The battle for the nomination, though, is almost beside the point; the real fight is between between Olivia and Abby, both of whom seem to have taken leave of their senses. Mellie is about to fly to Florida, but can’t leave until Air Force One – at the same airport – takes off, because protocol. So Abby decides that the Presidential plane has a mechanical fault which prevents wheels-up, which keeps Mellie’s plane stranded as well. In fairness, it’s a good idea, and it works: only Marcus, the Mellie Whisperer, can keep her calm. (Presumably something’s gonna happen there…?)
‘Campaign Catfight’, as the cable news channels are calling it, is only resolved when Mellie takes matters into her own hands and walks onto the tarmac, in the face of Olivia’s increasingly hysterical instructions not to do any such thing. Fitz realises he can’t leave her there and joins her, and they negotiate a resolution. Although not before Mellie makes a stray remark about Olivia killing someone and Fitz is all, too soon; he then realises that Mellie doesn’t actually know about Olivia crushing Andrew’s skull with a chair – lucky Mellie – and suggests that everyone should make sure that Olivia is eating, sleeping, and exercising. No-one seems to worry about whether Olivia is in the right job at this moment in time, but it’s Scandal. Anyway, the whole sequence is dramatic and effective TV.
But then POTUS, having agreed to move his plane, has to stand up to Abby, whose behaviour throughout the episode is quite remarkable. At one point she bemoans the way in which she’s treated compared to Cyrus, but I honestly can’t remember Cyrus – who, after all, was an experienced political operative and long-time friend of the President – ever speaking to Fitz the way Abby does. “I run you. You run the country. And you don’t question it.” she snaps at one point. Really, Abby? Amazingly, yet again she remains in post.

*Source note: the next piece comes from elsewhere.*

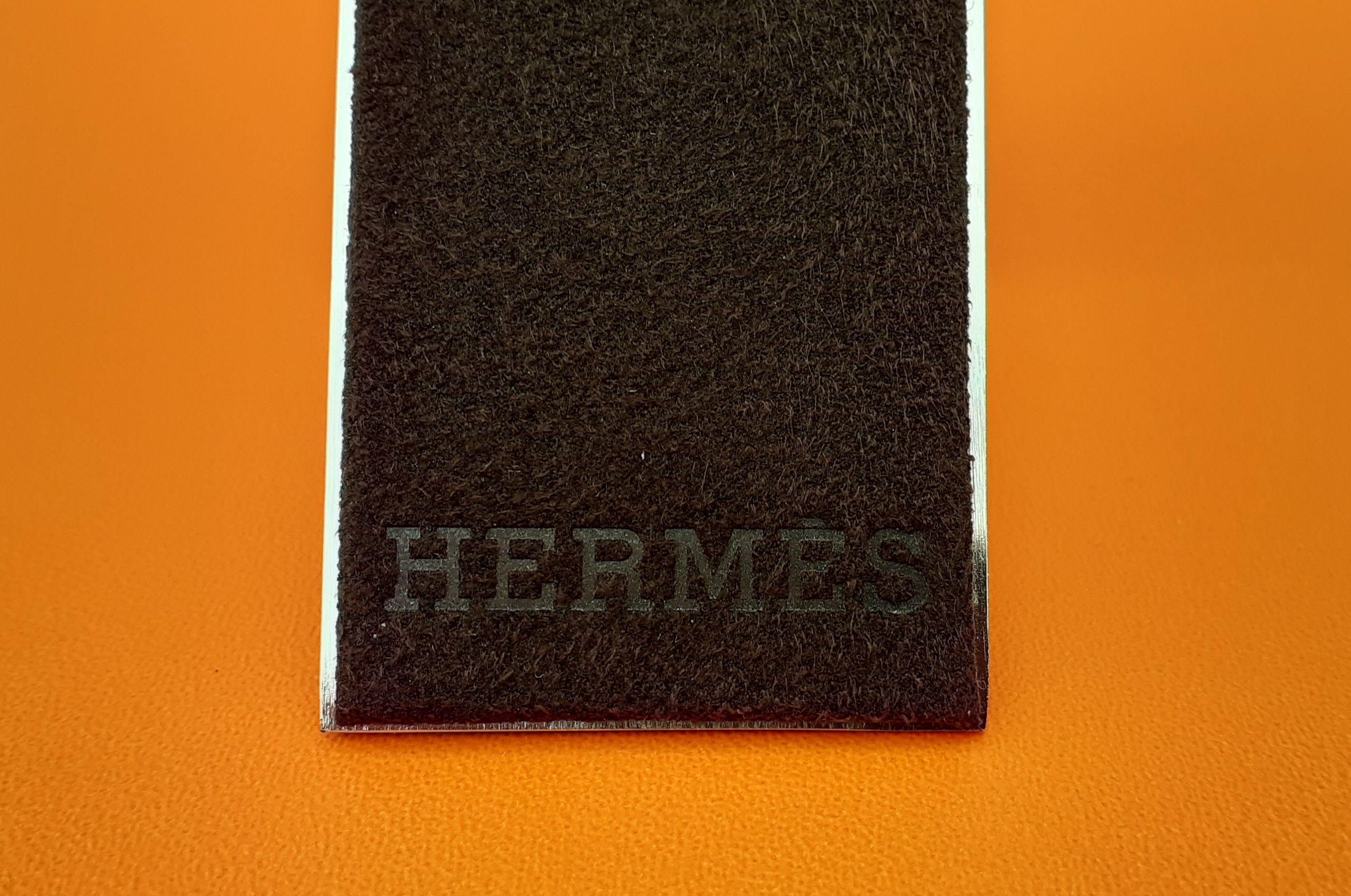 Hermès Uhren- oder Schmuckständer aus Filz und Holz für Damen oder Herren im Angebot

After all that Governor Baker endorses Susan, who doesn’t know that David made the deal anyway. Oh, David. Something else for Susan to find out. I’m more certain than ever that they’ll reconcile and then the other shoe will drop. But it doesn’t matter: after the “catfight” the Florida Republicans decide to go for (Donald Trump), who is, of course, a man. Can’t trust them women, eh? Which forces Abby and Olivia into the same room, to conclude that they need to join forces to take him down. I’d have wanted it to happen another way, but if we’re getting the two of them working together again I’m good with that.
There’s much less happening on the Democratic side: Cyrus, inevitably, manoeuvres Vargas’s brother – who should, I suppose, be grateful that he hasn’t been gunned down – out of the campaign. Bafflingly, though, Cyrus’s pretend marriage to Michael seems at some point to have become a real one. Michael’s fee-fees are hurt because Cyrus is sleeping with someone else. Since when did Michael care? Well, he cares enough to leave Cyrus. I’m not sure I care about either of them – or, indeed, anyone on the show apart from Susan. But ‘Buckle Up’ had no Rowan and no Jake, and even if Olivia and her PTSD is an arc which refuses to go away I was much more entertained this week.